[Short descriptive text snippets]
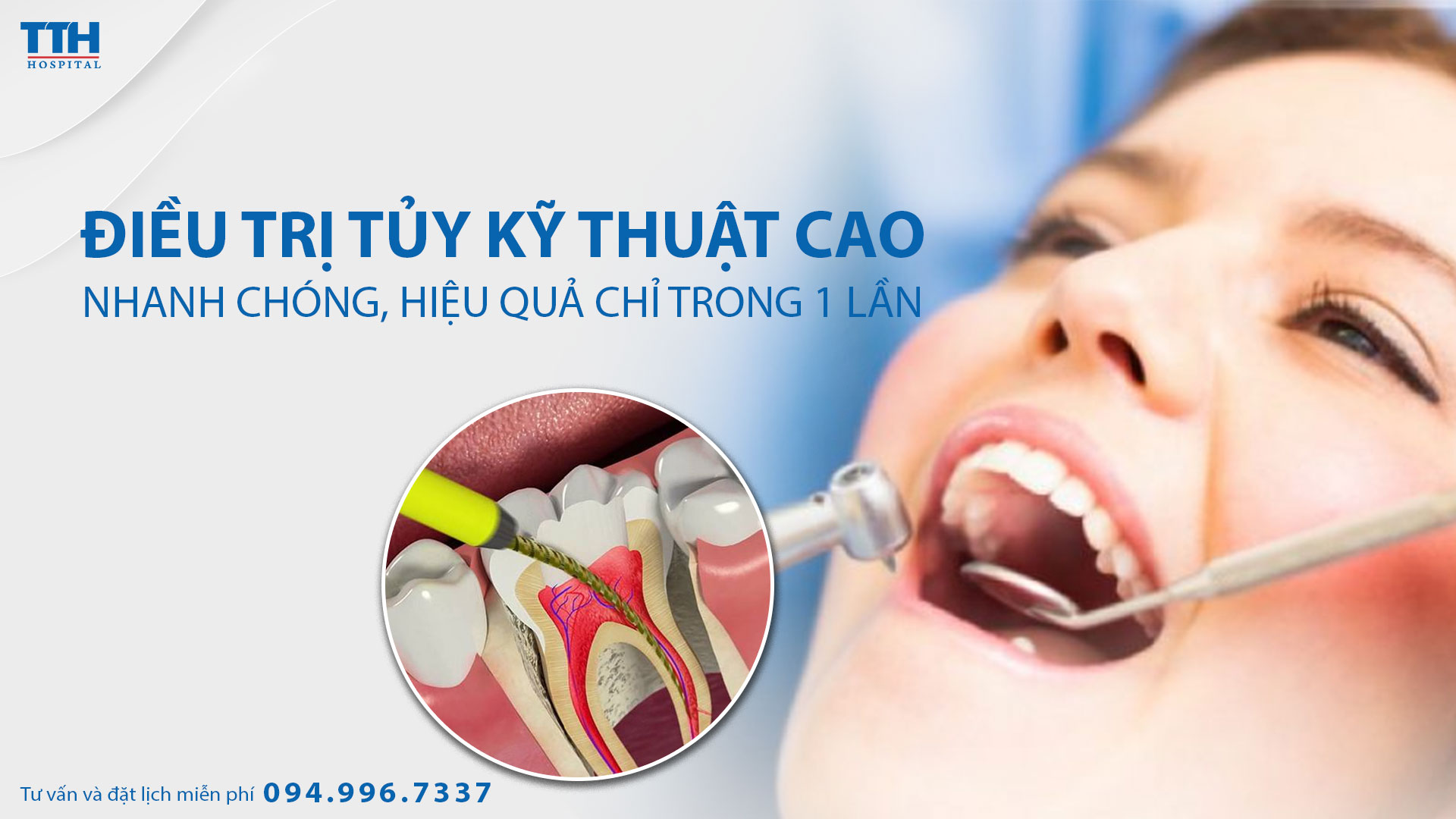 Điều trị tủy răng hiệu quả chỉ trong 1 lần hẹn tại Bệnh viện Thái Thượng Hoàng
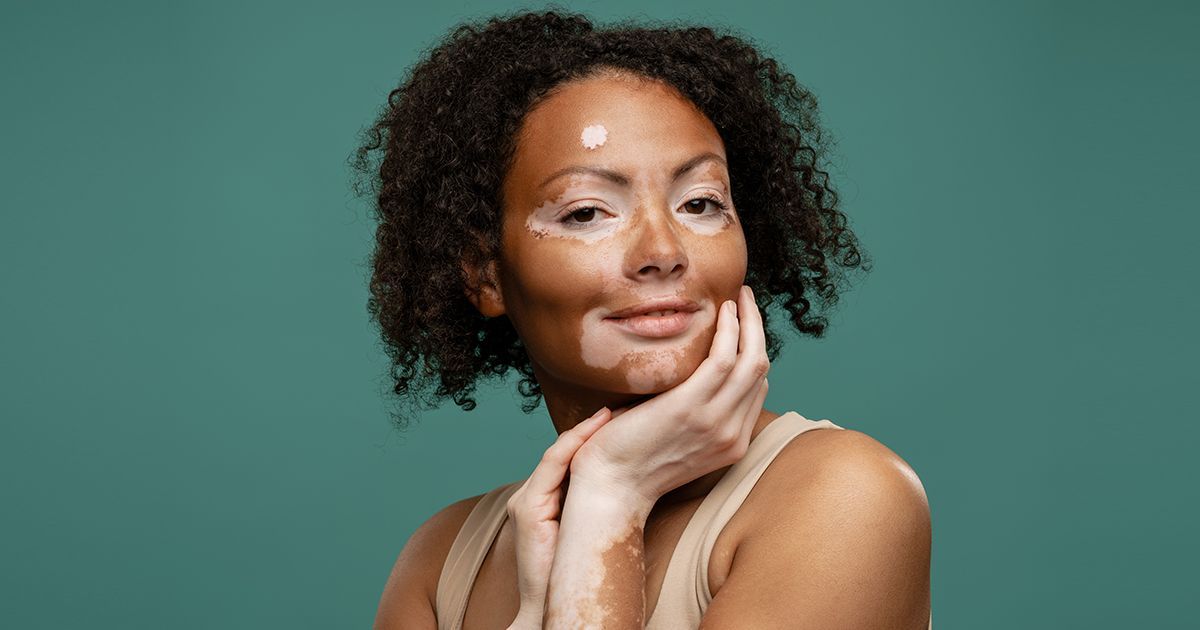 Comment pouvez-vous contribuer à gérer naturellement le vitiligo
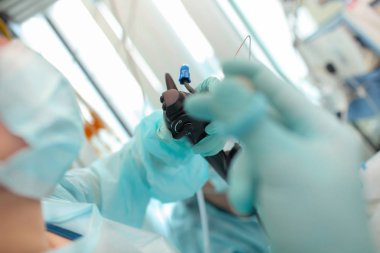 Endoskopik muayene iletken doktor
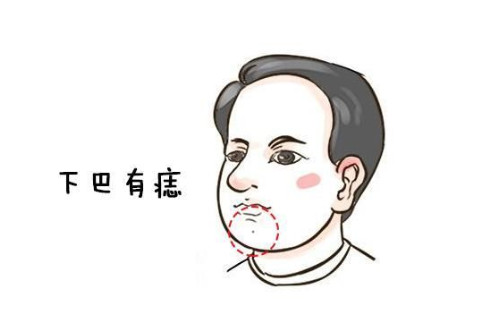 面相圖解：下巴有痣代表什么?運氣好嗎？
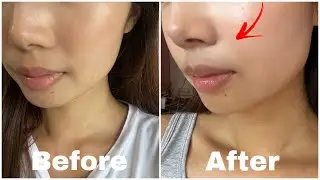 ZIIP HALO FACIAL TONING DEVICE REVIEW | Before & After Pics! BEST Anti-aging At Home Device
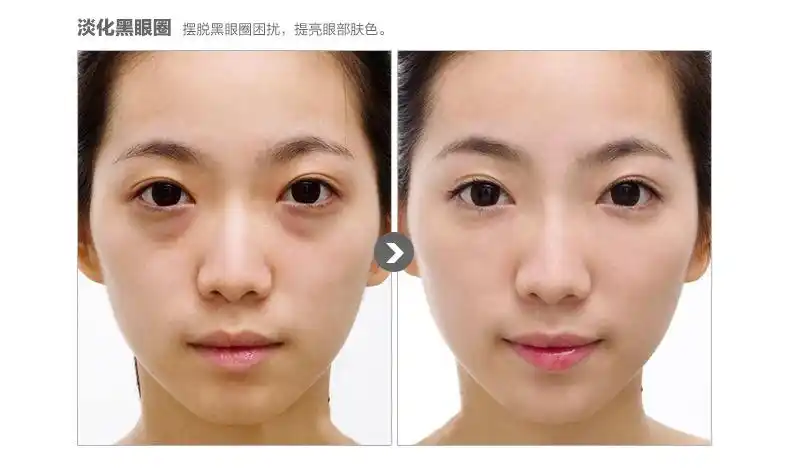 0 涂抹式眼部精华 3分钟去眼袋 黑眼圈 眼周细纹 1kg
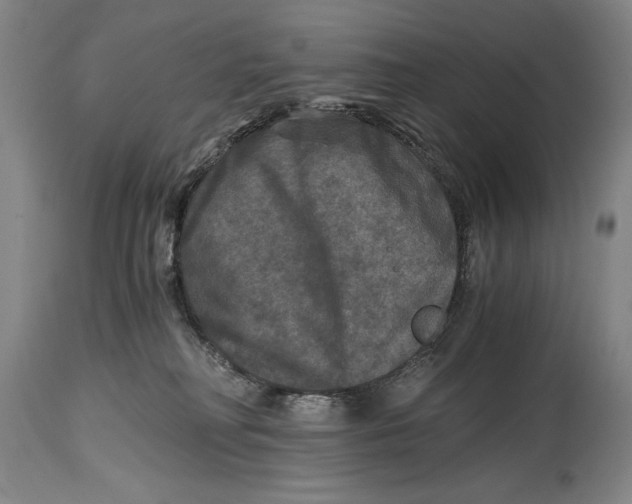 X0000114390230200911061522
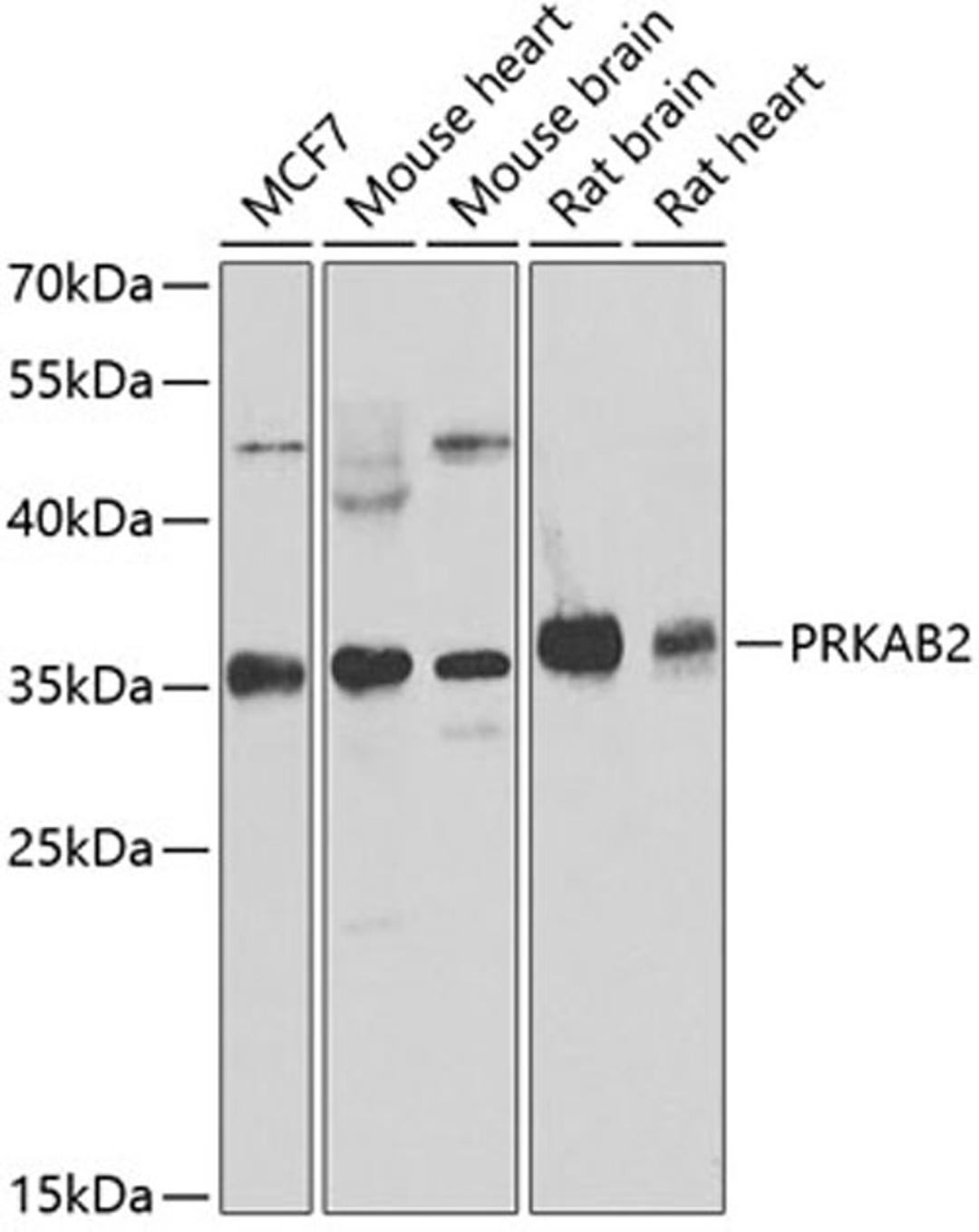 Western blot - PRKAB2 antibody (A6952)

◆ **Task to complete**
Extract exactly the lines above from the line containing "X0000114390230200911061522" through the last one, both ends included, but not the pictures.

◆ **Output of the exercise**
 X0000114390230200911061522
 Western blot - PRKAB2 antibody (A6952)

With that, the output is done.